Data entries
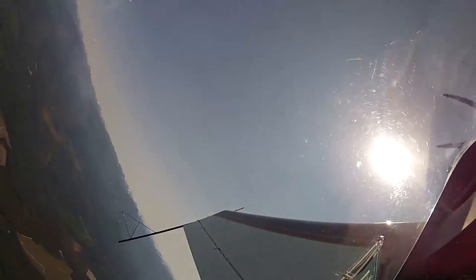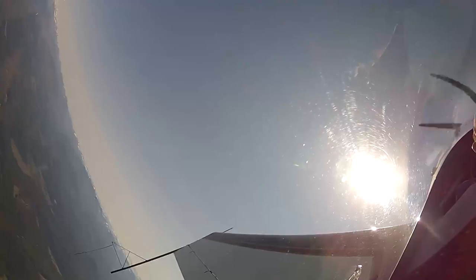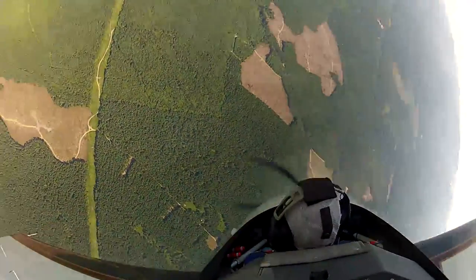We're going to go straight up. We're going to hold this line, we're going to pivot around our left wing when we run out of airspeed here. We're going up, we're going up, we're kicking, and then we just pivot right around our wing and go straight down.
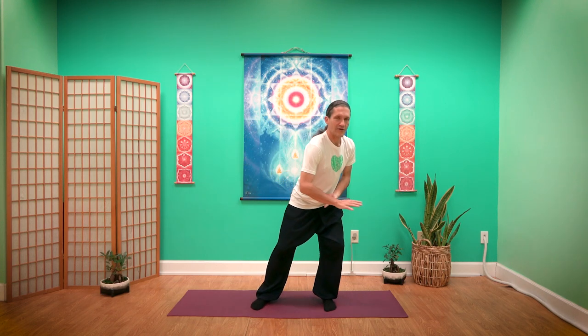We'll do one more to each side, trying to make our stomach and spleen feel a little lighter. Coming back in, relax your arms.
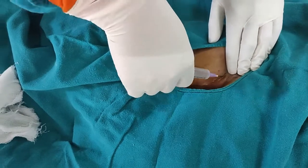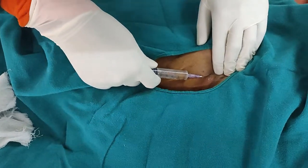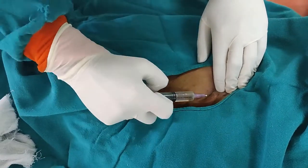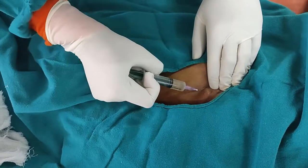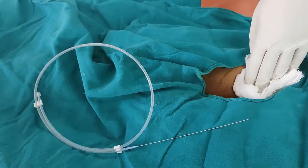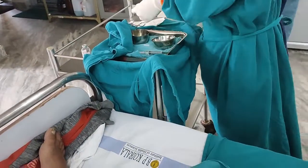Now I am going to inject lignocaine local anesthetic to anesthetize the soft tissue, because insertion of the femoral catheter can be a painful procedure. This is the guide wire.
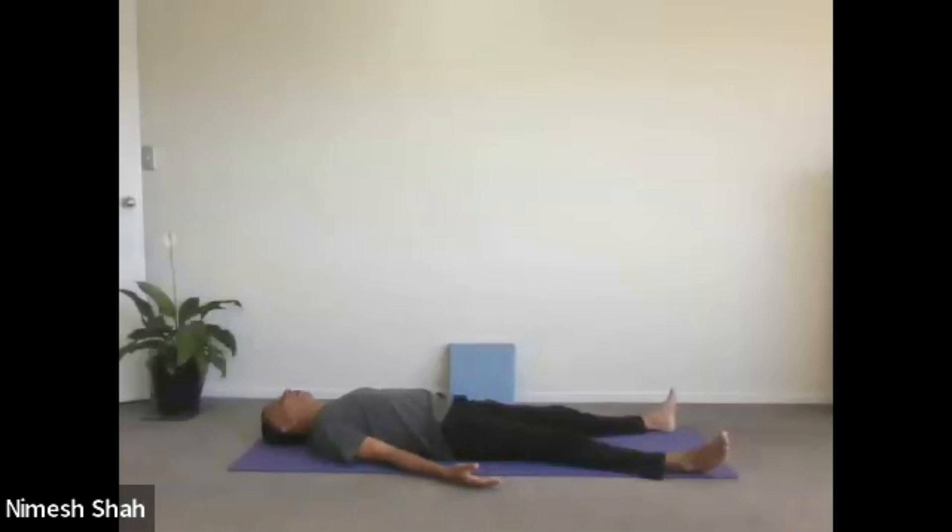Both the feet comfortably apart. Both the hands beside your body, comfortably apart. Palms facing upwards and fingers relaxed. Keep your head straight and eyes closed. This is the position of Shavasana, the corpse pose.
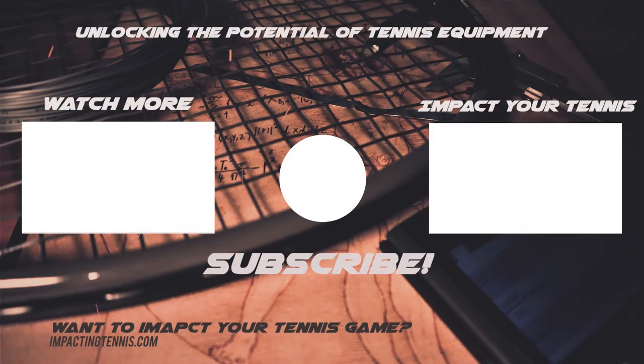Those are the 10 different ways I use to increase the weight of my rackets. If you think I missed some important ones, please comment below and share your experiences. Thank you for watching, and if you enjoyed this kind of content, please subscribe to my channel at Impacting Tennis. I'll see you next time.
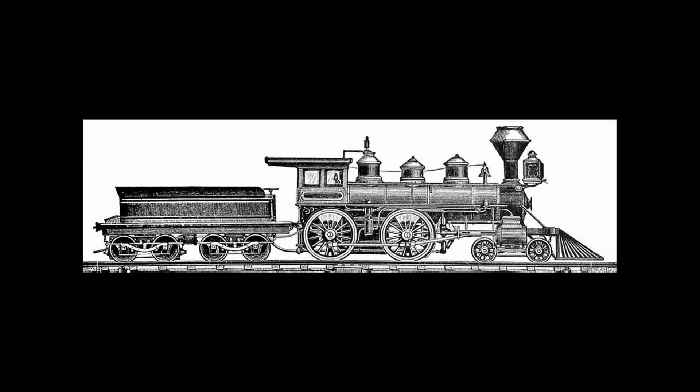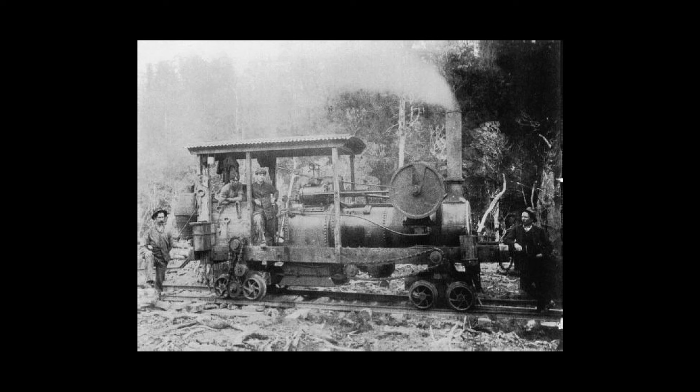Have you ever needed a steam locomotive for your railway so much that you just slapped a boiler and some cylinders onto a spare flatbed wagon, only to accidentally create one of the most versatile steam locomotives ever? Because that's what this guy did.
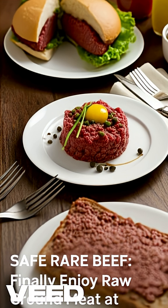Use the pasteurized ground beef for safe raw preparations, or briefly sear it on a hot grill for the ultimate safe rare burger. Final warning: use only perfectly sanitized equipment if preparing this for raw consumption.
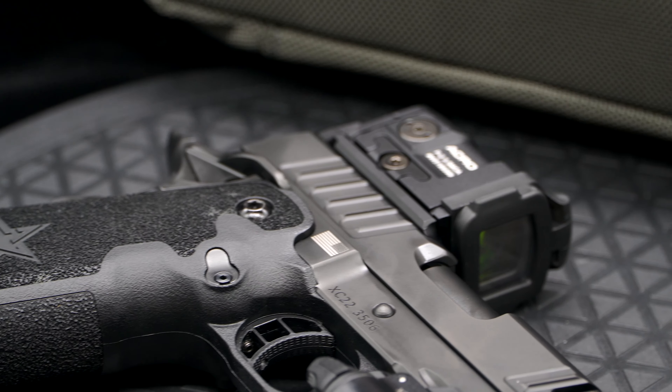All right guys, we just finished shooting the Staccato XC. Chamelea, what did you think? It's not my cup of tea — it was nice, don't get me wrong, but the trigger is way too light for me. Definitely don't put your finger on there until you're ready to go, because as soon as you even touch it the gun goes off. It'll take some getting used to — it's a very light trigger. It's about a 2.2-pound trigger when I measured it.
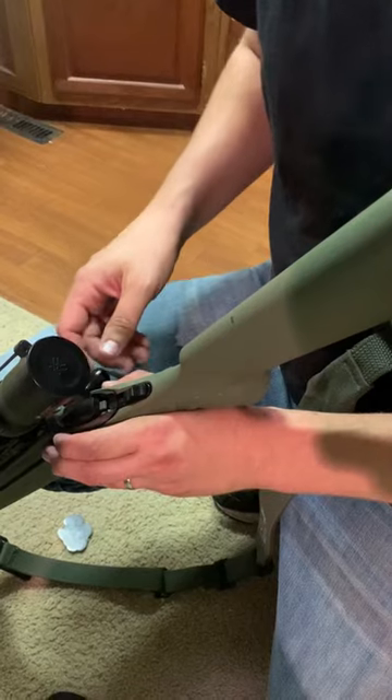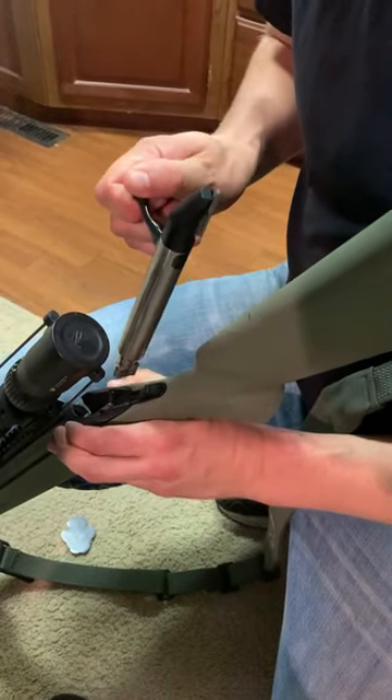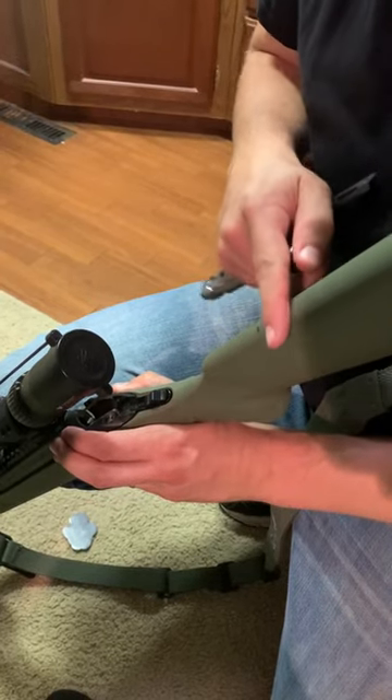I put a little line here so that I know how far the bolt comes back when I need to take it out. That way I don't build the cheek rest past that line.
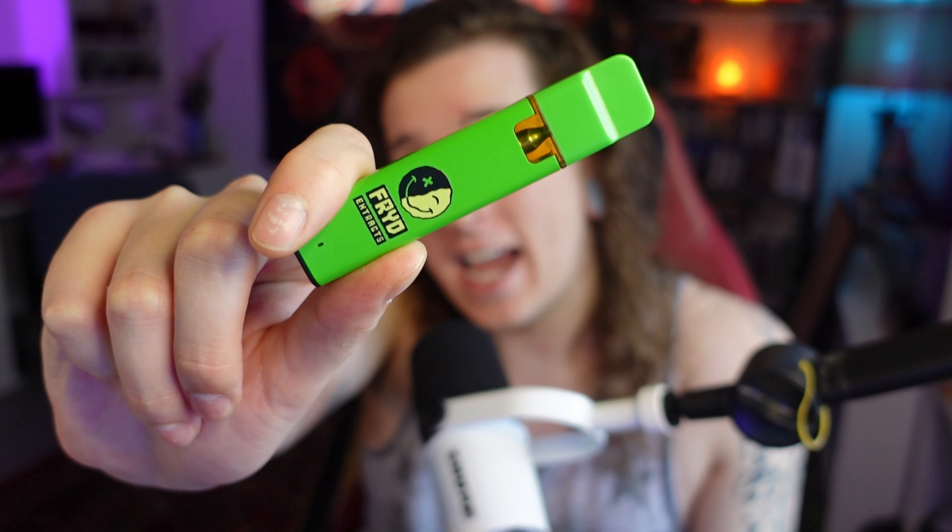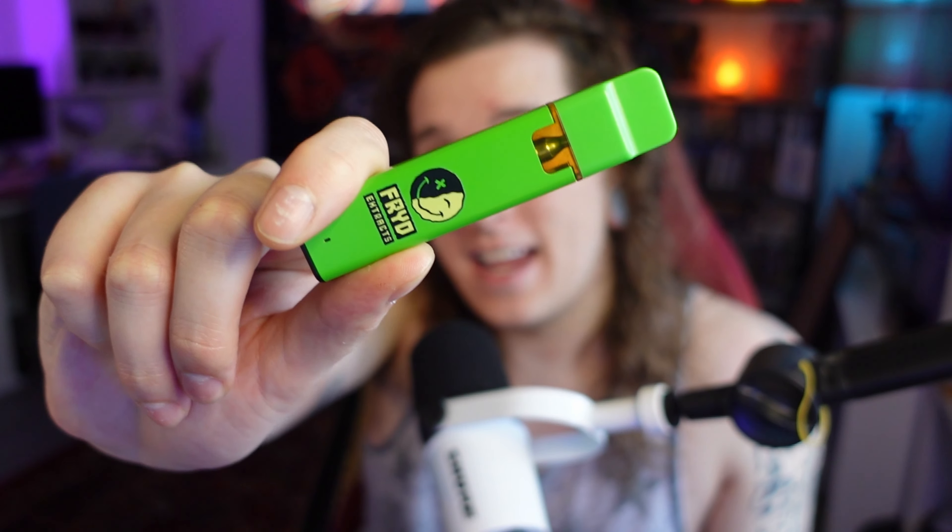What's going on everybody, I am Great Stone Dragon. Today we're looking at the Fryd Extracts disposable vape. I've never had one before — I bought it yesterday and have yet to hit it. I let my fiancé hit it a couple times; I said I'm gonna wait so I can shoot a video and see what the high is like. This thing is diamond and live resin combined, two grams, and it's a disposable.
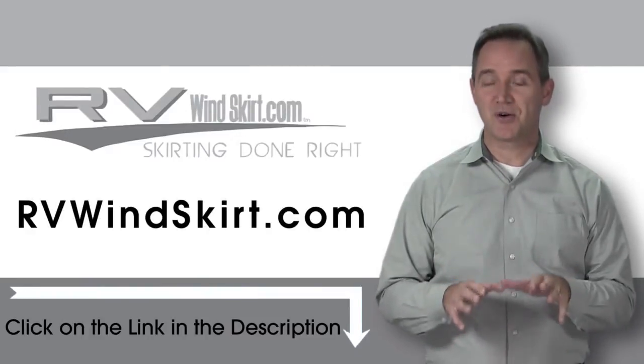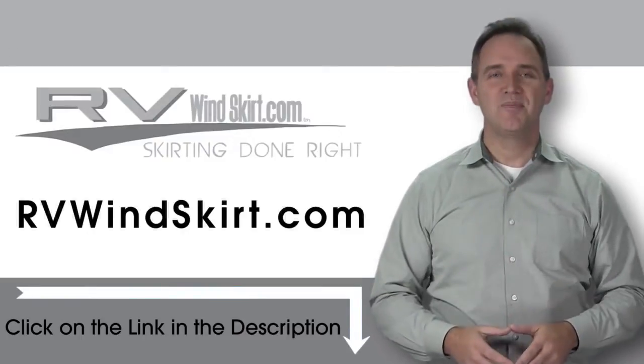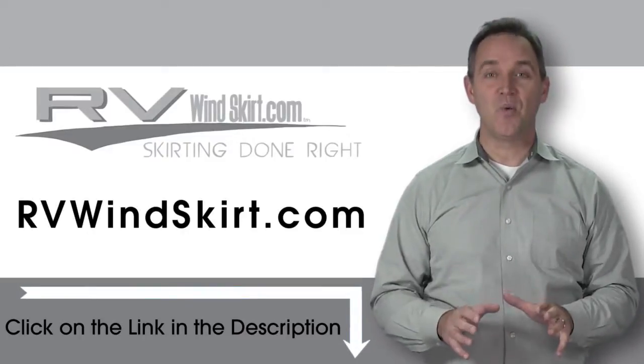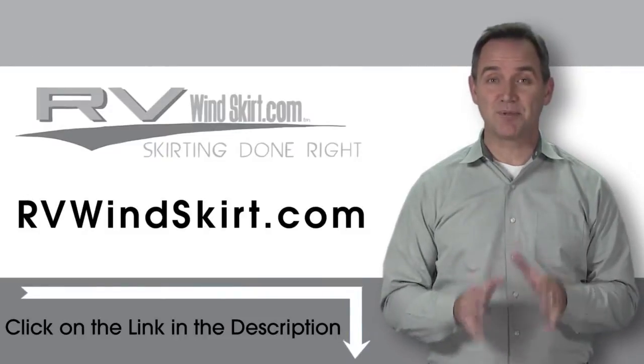Need to stop snow from building up under your camper or RV? The RV Windskirt will help you do the job. Be warmer in your RV with an RV Windskirt. RV Windskirts are campsite approved skirting.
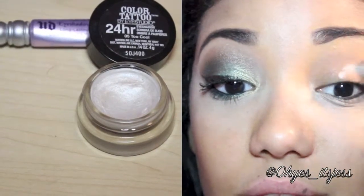First we're going to prime our eyes. I'm using the Urban Decay Primer Potion, but you can use a shadow base like the Maybelline Color Tattoos. You want to make sure you cover your whole lid all the way up to your brow, and also put some on your lower lash line.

## [Problem statement]
The records above are to be transcribed word for word. Skip the images.

## [Output of the exercise]
We're going to go straight up. We're going to hold this line, we're going to pivot around our left wing when we run out of airspeed here. We're going up, we're going up, we're kicking, and then we just pivot right around our wing and go straight down.
We'll do one more to each side, trying to make our stomach and spleen feel a little lighter. Coming back in, relax your arms.
Now I am going to inject lignocaine local anesthetic to anesthetize the soft tissue, because insertion of the femoral catheter can be a painful procedure. This is the guide wire.
Both the feet comfortably apart. Both the hands beside your body, comfortably apart. Palms facing upwards and fingers relaxed. Keep your head straight and eyes closed. This is the position of Shavasana, the corpse pose.
Those are the 10 different ways I use to increase the weight of my rackets. If you think I missed some important ones, please comment below and share your experiences. Thank you for watching, and if you enjoyed this kind of content, please subscribe to my channel at Impacting Tennis. I'll see you next time.
Have you ever needed a steam locomotive for your railway so much that you just slapped a boiler and some cylinders onto a spare flatbed wagon, only to accidentally create one of the most versatile steam locomotives ever? Because that's what this guy did.
Use the pasteurized ground beef for safe raw preparations, or briefly sear it on a hot grill for the ultimate safe rare burger. Final warning: use only perfectly sanitized equipment if preparing this for raw consumption.
All right guys, we just finished shooting the Staccato XC. Chamelea, what did you think? It's not my cup of tea — it was nice, don't get me wrong, but the trigger is way too light for me. Definitely don't put your finger on there until you're ready to go, because as soon as you even touch it the gun goes off. It'll take some getting used to — it's a very light trigger. It's about a 2.2-pound trigger when I measured it.
I put a little line here so that I know how far the bolt comes back when I need to take it out. That way I don't build the cheek rest past that line.
What's going on everybody, I am Great Stone Dragon. Today we're looking at the Fryd Extracts disposable vape. I've never had one before — I bought it yesterday and have yet to hit it. I let my fiancé hit it a couple times; I said I'm gonna wait so I can shoot a video and see what the high is like. This thing is diamond and live resin combined, two grams, and it's a disposable.
Need to stop snow from building up under your camper or RV? The RV Windskirt will help you do the job. Be warmer in your RV with an RV Windskirt. RV Windskirts are campsite approved skirting.
First we're going to prime our eyes. I'm using the Urban Decay Primer Potion, but you can use a shadow base like the Maybelline Color Tattoos. You want to make sure you cover your whole lid all the way up to your brow, and also put some on your lower lash line.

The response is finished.